地球上に「生命」が現れてから約40億年もの間に、さまざまな種が生まれては絶滅していった。
現代の私たちは地層や化石などの研究によって過去に5回の大規模な絶滅(ビッグファイブ)があったことを知っている。
(ウィキペディアの地質時代、大量絶滅を参照)
過去の大絶滅では当時に存在した種のうち70〜90%が
...続きを読む失われたといわれている。私たちにいちばん馴染みがあるのが白亜紀末の大絶滅で、当時地上で大繁栄していた恐竜類が隕石の落下による影響で一斉に絶滅したことは有名だ。
そして、今現在、6度目の大量絶滅が進行中で、その主な原因が私たち「ヒト」である、という事がこの本のテーマである。
私たちヒト(現生人類)が約15万年前から存在しはじめ、アフリカをはじめとしてヨーロッパやアジアの各地へ拡散していったときから、当時各地に存在していた動物たち、マストドン、マンモス、スミロドン、オオナマケモノなどの巨大獣が次々と絶滅していった。ヒトが原因となる絶滅の有史後の例としてとりあげられているのが1800年に絶滅したとされるオオウミガラスだ。

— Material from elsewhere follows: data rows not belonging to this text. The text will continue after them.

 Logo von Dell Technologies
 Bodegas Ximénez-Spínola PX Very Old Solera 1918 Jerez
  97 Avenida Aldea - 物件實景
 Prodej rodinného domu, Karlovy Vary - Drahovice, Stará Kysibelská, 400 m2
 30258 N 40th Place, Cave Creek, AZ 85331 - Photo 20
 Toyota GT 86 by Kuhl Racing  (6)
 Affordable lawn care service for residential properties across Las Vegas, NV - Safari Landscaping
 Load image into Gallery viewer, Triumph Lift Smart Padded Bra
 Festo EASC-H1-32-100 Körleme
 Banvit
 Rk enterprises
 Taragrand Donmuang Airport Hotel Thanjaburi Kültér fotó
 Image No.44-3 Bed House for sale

さらにこの本では今まさに絶滅しようとしているたくさんの種について、調査や保護の様子が記述されている。
グローバル化の影響と思われるツボカビ病によって個体数を激減させている南米の両生類。
二酸化炭素の増加による海水の酸性化によって2000年代末には絶滅する可能性があるとされるサンゴ類。そのサンゴ礁が作りだす生態環境に依存しているといわれる数千〜数百万種の海洋生物たち。

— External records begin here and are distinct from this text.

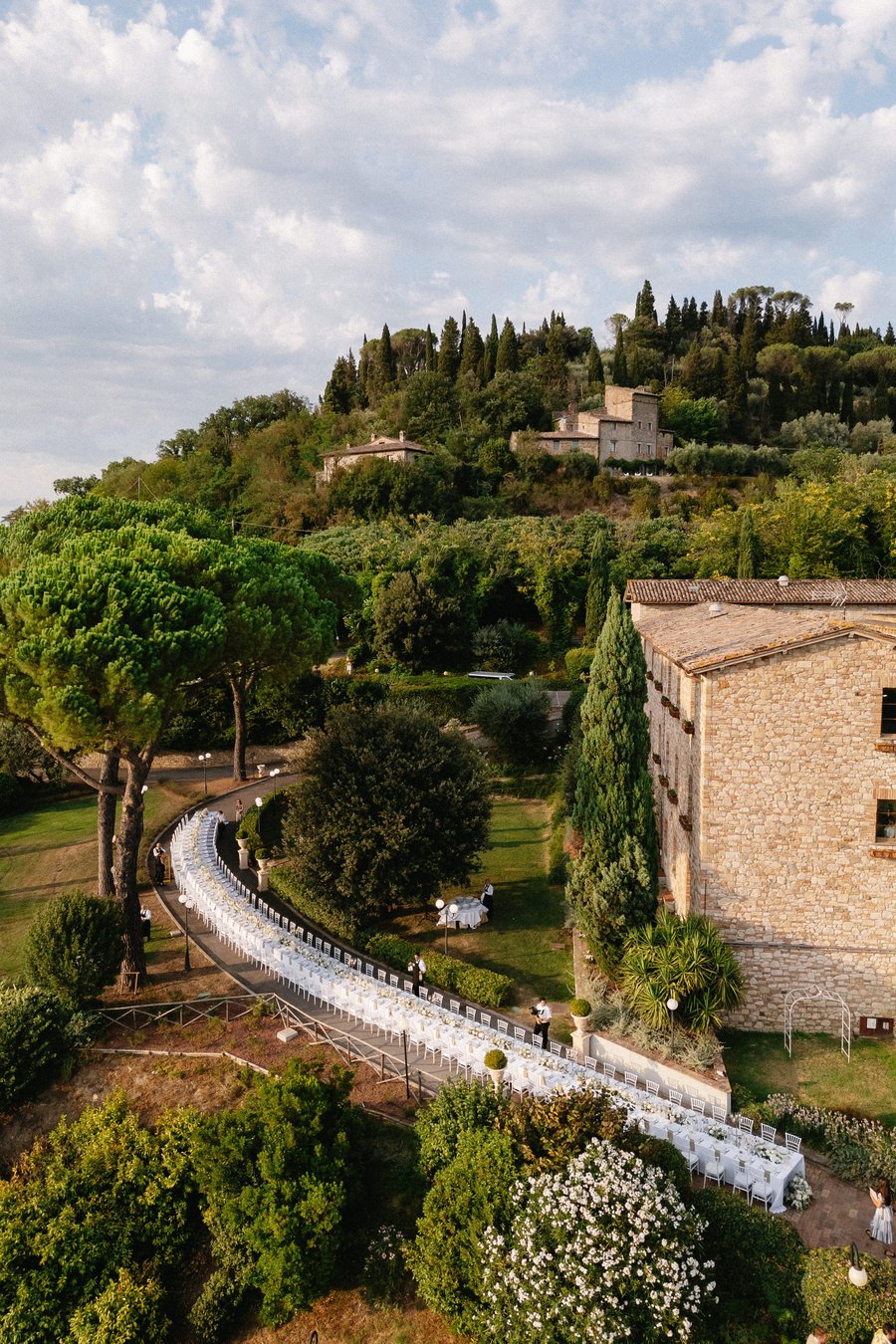 Monastero Santa Margherita — photo 26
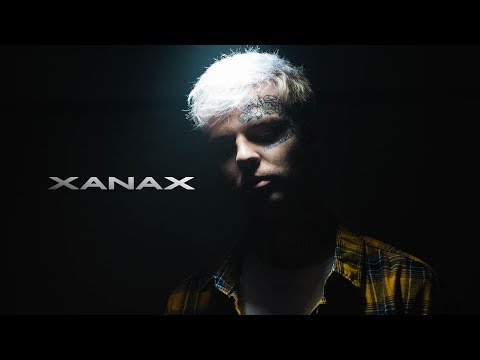 Video thumbnail for Xanax
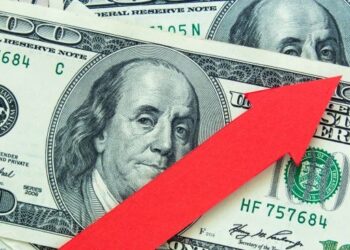 Dólar oficial supera los 48 bolívares con aumento acumulado de 30% desde octubre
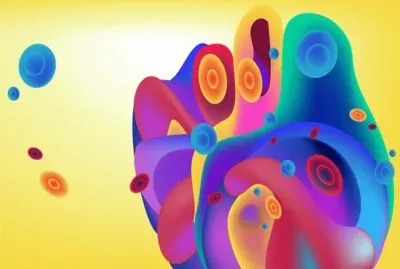 æ™‚å°šè¨­è¨ˆ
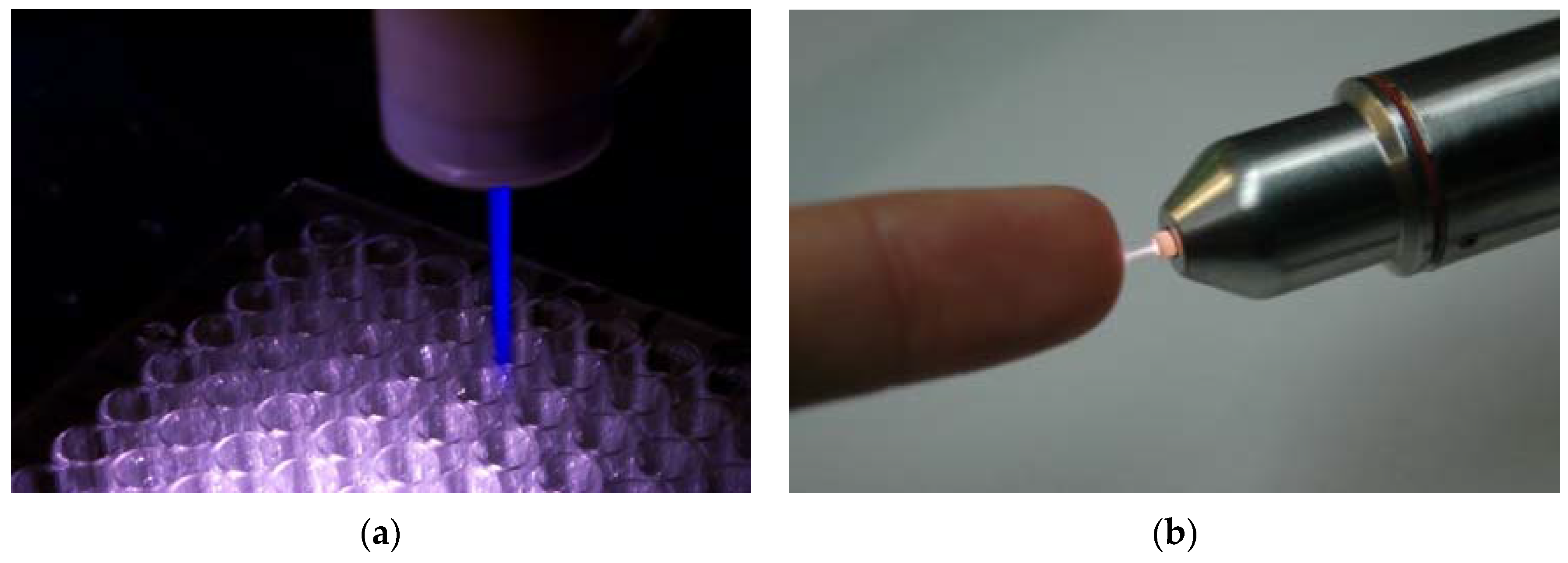 Plasma 01 00005 g003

アメリカのコウモリが大量死しているのはヨーロッパのコウモリとは共生しているカビによる「白鼻症」のせいで、これもまたヒトのグローバル化が原因であること。等々。
この本の読者が読後になにか不満を感じたとしたら、それは章構成の乱雑さに混乱したせいかもしれない。
私が思うには、「人類が絶滅という概念を獲得する話(おもにフランスの博物学者キュビエを中心とする)」と「過去の大絶滅(ビッグファイブ)に関連する話(地質学者と物理学者のアルヴァレズ親子が隕石衝突説で古生物学会に殴りこみをかける等)」と「6度目の大絶滅で(たぶんヒトと関わったせいで)滅んだ動物たちの話」と「現在進行中の絶滅危惧種の話」の章が入りまじって構成されているので、読んでいてすこし混乱するのだ。
構成にすこし難があるとはいえこの本のテーマは刺激的で、重要な問題提起をしていると思う。
ヒトが化石燃料を使用して大気中の二酸化炭素濃度が高まり地球温暖化をひきおこしたり、急激な環境改変が生態系の破壊などにつながっていることは一般的に認知されている問題だが、この本ではそういった周知の問題だけではなくて、もっと踏みこんで「ヒト」が世界に及ぼす影響について示唆している。
その点で圧巻なのは最終章の手前、ネアンデルタール人のDNA採取を試み現生人類との関係を研究している遺伝学者ペーボの話だろう。ペーボが探すのはネアンデルタール人にはなくて現生人類にあったもの、彼が「狂気のようなもの」と呼ぶ何か、おそらくは6度目の大絶滅を起こさせる原因でもあり、ヒトのヒトらしさの本質でもあるものだ。それは文中で示唆されているように「飽くなき好奇心を抱く」内容である。
上にあげたウィキペディアの大量絶滅の記事中にもあるが、現代が6度目の大絶滅の最中であるというのは大多数の生物学者の一致した見解だそうだ。
そしてこの本が示唆するように大量絶滅の原因がヒトにあるのかどうかは確定してはいないが、ヒトは温暖化や環境破壊をする一方で絶滅危惧種の保護活動をしたり保護区を作ったりもしているわけで、とても不思議な生物であることは確かだと私は思う。